Let’s take in, for example, the Habitat welfare. Animals react negatively to foreign plants that aren’t part of their place of origin. So, if a Bonobo is surrounded by any European and non-tropical trees then its welfare will significantly dip. By clicking on these animals, you get to open an overview panel that lets you understand how to take care of them. Do they require longer grass to be happy? Then go to the Terrain tab. Do you want to know if they are comfortable having a lot of animals inside their den? Then go to the Social tab. This makes Planet Zoo a lovable game as you get to virtually take care of your virtual wild animals.
And the great thing is, Planet Zoo does not alienate its players with its deep customization. There are tons of things you can do when you create your park. Things get a little too in-depth when you start customizing your animal’s own shelter, there are handy pre-made blueprints for you to use if you aren’t the artistic type. You can also add trinkets in your park’s habitat that would improve your animal’s welfare.
I talk a lot about animals, but there’s this question: how do you get them? Do you breed them in a certain facility like how Jurassic World: Evolution does them? So, how? The answer is simple, in real-life zoos, you don’t really have to breed these animals inside a cage or any facilities, but usually what these establishments do is animal trading. Yes, there is an animal market where you get to see the list of animals available for purchase. They then get delivered to your animal storage in your zoo until you get to release them to their dens. It’s that easy.
But first, you have to get the money (what you will earn from your visitors) from your earnings as the common currency or you can use conversation credits. Meaning, you’ll have to release animals to wild to earn them. If you get to release a higher quality type of animal with better welfare then you’ll get more credits than you usually do. I like this approach because you don’t just wait for your animals to pass away in their dens and replace them. Planet Zoo does a magnificent job of handling animals carefully like how we do it in real life.
Visually, Planet Zoo does not disappoint. If you crank the settings up to High, everything looks eye candy. Every fur from a Grizzly Bear to the amazing detailed look of an Orangutan, you will instantly love how beautiful the game is on your screen. I still can’t forget how I was mesmerized when I played Jurassic World: Evolution because of its massive visual quality. Just, wow.
However, that doesn’t mean that Planet Zoo is perfect. I’ve encountered a couple of game crashes for some reason even though I’m running the game on an AMD Ryzen 7 2700 with an RTX 2070 8GB and a 16GB of RAM. I tried to pinpoint what the issue was, but it’s not within the settings. This can be attributed to the drivers of Nvidia, but that doesn’t rule out that it might be within the game’s programming.

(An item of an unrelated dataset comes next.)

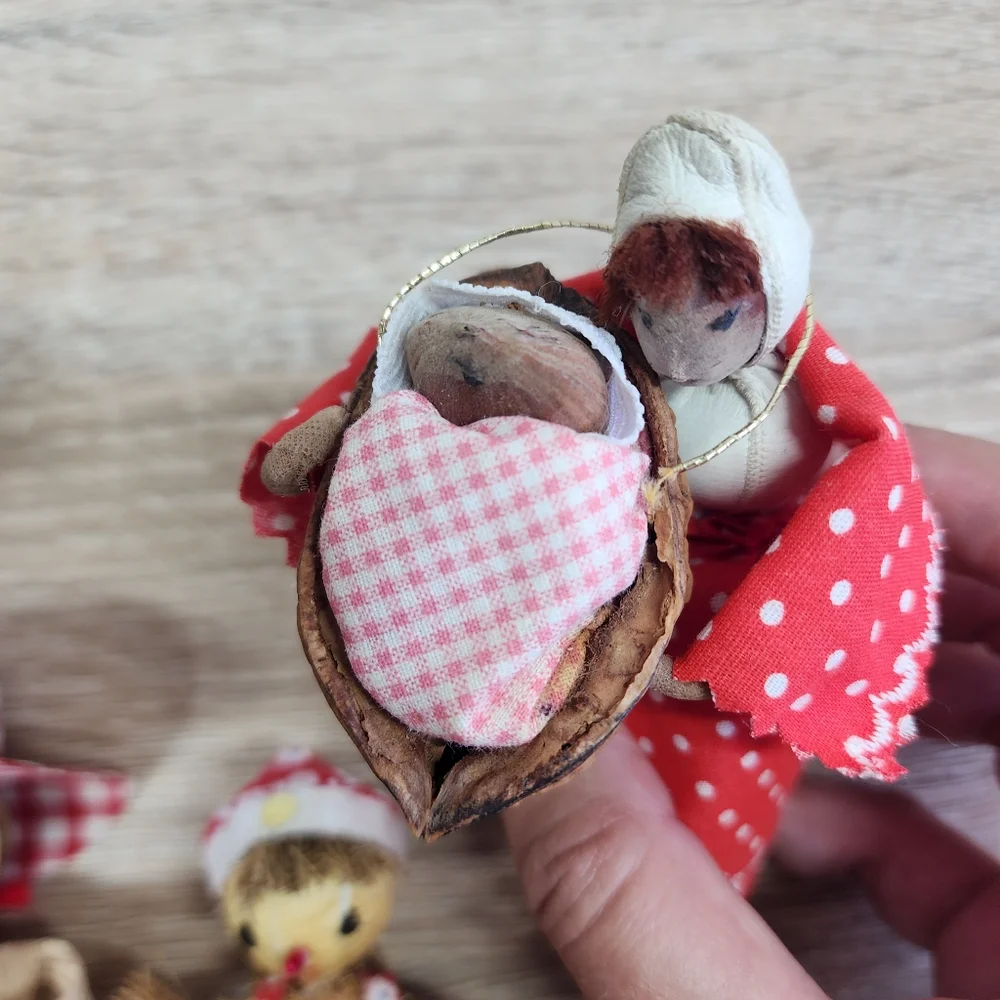 MCM VINTAGE Straw Mouse Scarecrow Corn Husk Lady Christmas Ornament Lot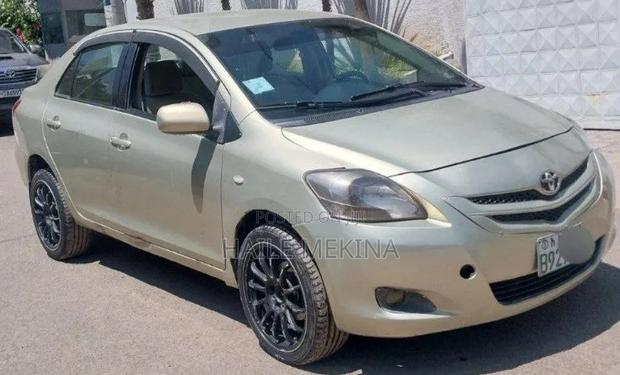 Toyota Yaris 2007 Beige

Planet Zoo doesn’t shy away from being a deep theme-park sim as it manages so well to be friendly to newcomers in this kind of game. What I love the most about Planet Zoo is its in-depth gameplay mechanics. I immediately fell in love with the game after the first level of Career Mode. I’ve spent a lot of hours here than on Jurassic World: Evolution and I’m continuing to spend more time cranking up my zoo’s rating and trade animals with another player. Frontier Developments, you guys definitely need an award for this.
Planet Zoo – Review
Almost perfect if not for the nitty-gritty. If it’s quite there but not enough to push the boundaries, it’s still an awesome game.